## Directions for this task
In the copy you make of the entries, no picture should appear, and every word must match.

----------------

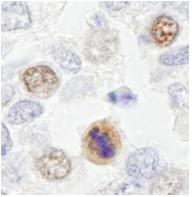 ab84697, at a dilution of 1/500, staining CENPF in formalin fixed, paraffin embedded human ewing sarcoma by Immunohistochemistry. Detection: DAB staining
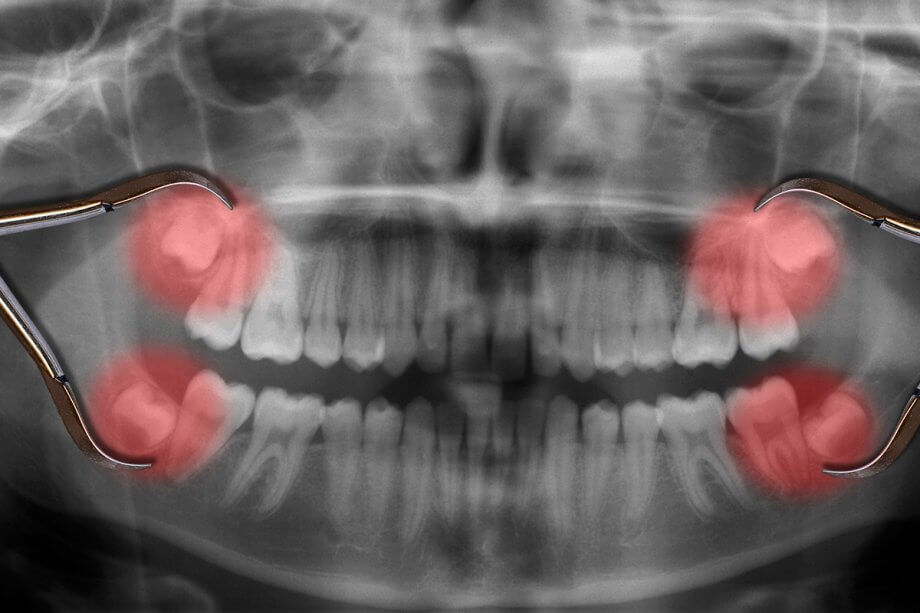 What to Expect After Wisdom Tooth Extraction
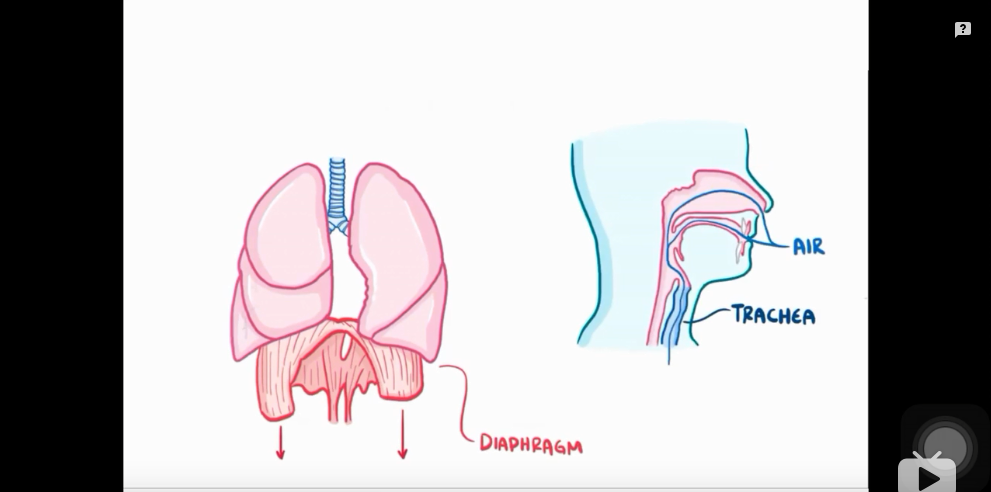 支气管扩张(bronchiectasis)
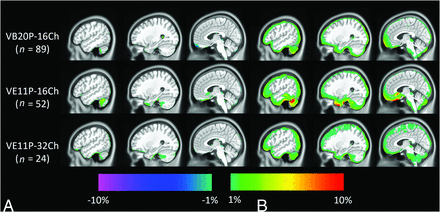 FIG 3.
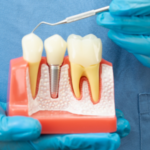Do Root Canal Cause Your Chronic Health Issue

----------------

## Exercise output
 ab84697, at a dilution of 1/500, staining CENPF in formalin fixed, paraffin embedded human ewing sarcoma by Immunohistochemistry. Detection: DAB staining
 What to Expect After Wisdom Tooth Extraction
 支气管扩张(bronchiectasis)
 FIG 3.
Do Root Canal Cause Your Chronic Health Issue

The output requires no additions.